Sonntägliche Grüße von Katja
Damenpark, Bärlauch und Bahnstrecke ins Nirgendwo. Deine Bilder erzählen mal wieder Geschichten und haben auch welche. Wunderbar! Bei uns blieb das Erkunden in den letzten Wochen wegen "Projekt Bad" ein wenig außen vor. Aber auch das wird sich wieder ändern.
Wünsche dir eine schöne Woche und viele neue überraschende Eindrücke!
Liebe Grüße
Solveig
Mit Interesse & Vergnügen gelesen!
Eine gute neue Woche!
Astrid
Das ist ja unglaublich... Eine richtige Zeitreise. In Brandenburg gab's Ähnliches, habe ich letztes Jahr in einer Ausstellung gesehen. Übrigens hatten wir solche Birkenholzmöbel zusammen mit den beiden - später "roten" - Bänken als allererste Gartenmöbel, aber sie haben leider da draußen bei allen Wettern nicht lange gehalten, im Gegensatz zu den roten Metallmöbeln... Ja, vor 30 Jahren war hier jedes Wochenende was los, mit Freunden und Verwandten und einem Sack voller kleiner Kinder wurde der Sommer ausgekostet ;-). Lieben Gruß Ghislana
Ein wunderbarer Bericht, liebe Mano! Schau an...ein Nervenleiden geheilt durch vegetarische Ernährung...was es alles gibt...Eine tolle Landschaft! Noch einen schönen Sonntagabend! LG Lotta.
Einen Salomonssiegel habe ich noch nie im Wald gefunden, Mano! Es ist ein Spargelgewächs? Einfach herrlich - die Anordnung der Blütenköpfe erinnert mich an das Tränende Herz. Hier geeht gerade die Welt unter - Blitz und Donner und ein bibberndes Hundeherz! Wie gut, dass ich erst um 10.00 zur Arbeit muss ;)) Ganz liebe Grüße in den grauseligen Montag, Nicole (die jetzt erst mal Deinen Kafka-Link anklicken muss! Danke!)
Geschichtsrächtige Wanderung inmitten märchenhafter Wälder.schön, dass wir dabei sein konten.
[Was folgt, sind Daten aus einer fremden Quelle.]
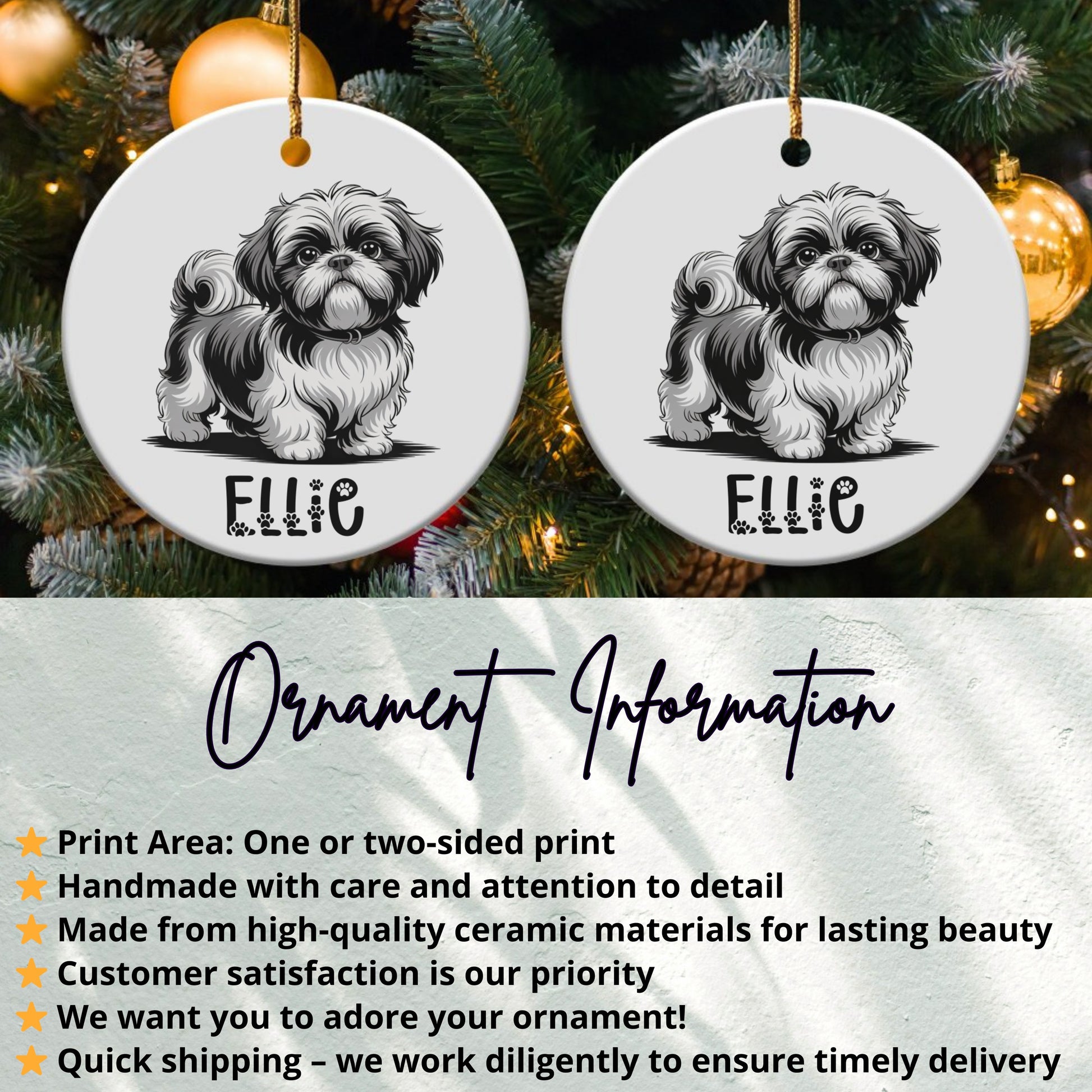 Personalized Dog Illustration Hanging Ornament product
Aufzeichnungen von Kafka, sehr amüsant mit welcher Verwunderung man Nacktheit begegnet.
Grüne nichtvegetarische Grüße, karen
wie immer sehr schöne photos udn ein informativer artikel. dort würde ich auch gerne mal wandern! Liebe Grüße - Sabine
Danke Die für´s Vorbeisvchauen auf miriskum - das freut mich immer sehr! Und - ja - ich habe 24 Kraken ausgeschnitten - sehr meditativ!
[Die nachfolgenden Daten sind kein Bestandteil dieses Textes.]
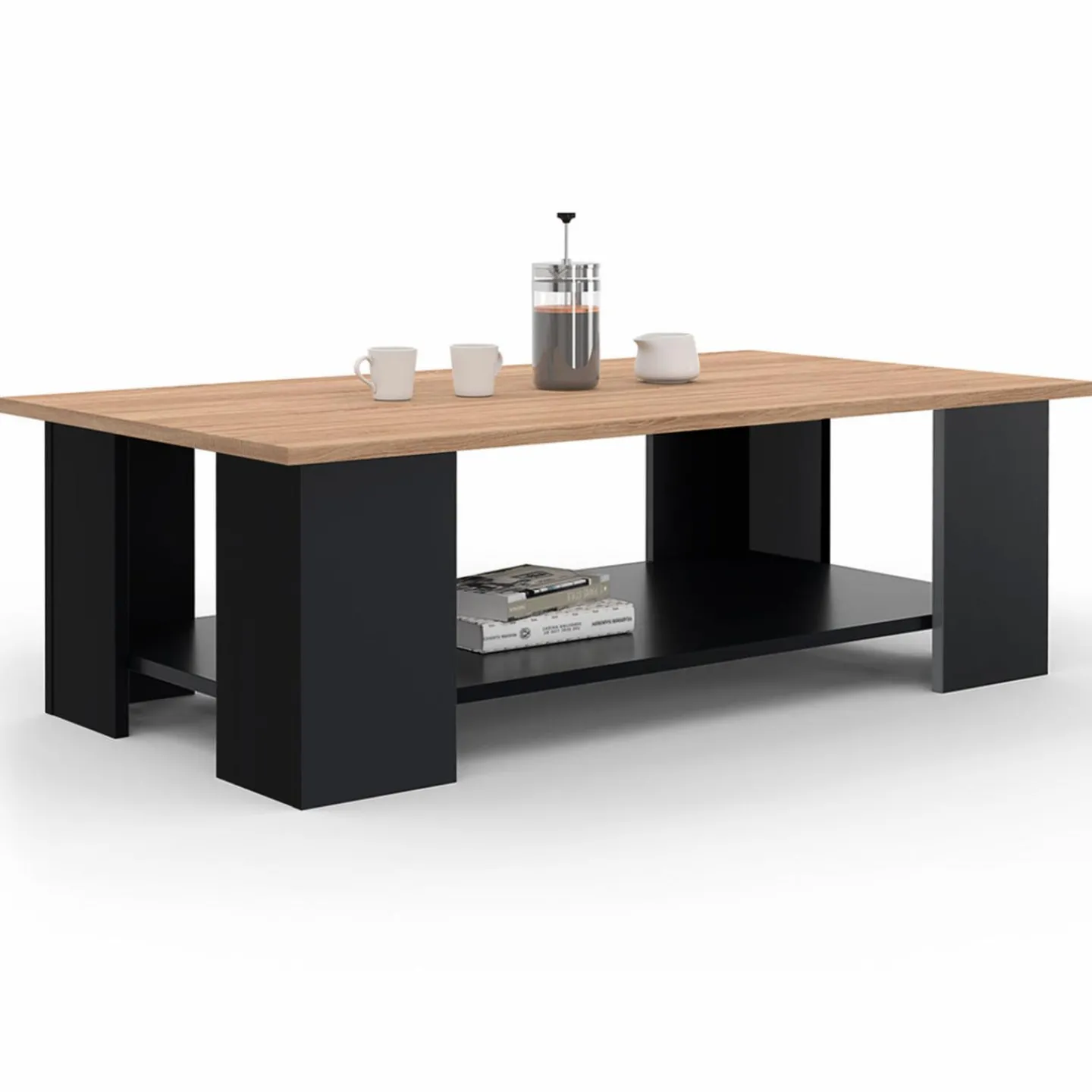 Table basse noire avec plateau façon hêtre rectangulaire*IDMarket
Das ist ja eigentlich schon ein richtig schöner Lost Place, auch wenn es natürlich noch schöner wäre, wenn man dort immer noch Wellness machen könnte. Erstaunlich, dass man schon damals Wege abseits der Schulmedizin fand, die dann so richtig wirkungsvoll waren. Das hilft auch heute noch...Natur, gesundes Essen, Massagen...rundum gut für die Seele.
Der Bärlauchwald ist ja ähnlich toll, wie der Leipziger Auenwald. In den ehemaligen Grenzgebieten ist die Natur einfach noch in Ordnung. Danke fürs Verlinken.
Eine schöne Woche,
LG Sigrun
Salomonsiegel mag ich so gerne, aber man sieht es leider so selten. Das Heilkonzept kommt einem gar nicht so altmodisch vor, wie es nach Jahren sein könnte. Natur und Einfachheit beruhigt auch heute noch gestresste.
LG Jennifer
Schade, dass der Jungbrunnen ein Lost Place ist. Mit diesem Konzept würde man wohl auch heute noch viele Menschen anziehen - mal abgesehen vom Damenpark. Aber vielleicht würde auch das noch funktionieren.
Der Bärlauchwald ist gewaltig. Soviel Bärlauch habe ich noch nie gesehen. Den Duft kann ich mir vorstellen. Ziemlich lecker. Ich hätte wahrscheinlich sofort Hunger bekommen.
Lieben Gruß und eine schöne Woche
Katala
oh, das sieht toll aus. so herrlich, dass ich am nächsten wochenende am liebsten direkt den wanderstab schnappen und durch die anlage hindurch wandern würde...
vielen dank für deinen ausführlichen bericht und die stimmungsvollen fotos!
herzlichste grüße!
Was für eine schöner Spaziergang... die stillgelegte Bahnstrecke so verwunschen verwachsen und soooo grün, wunderbar. Sag, was hat es denn mit den Frauennamen auf den Häuschen auf sich? Waren das private Minipavillons?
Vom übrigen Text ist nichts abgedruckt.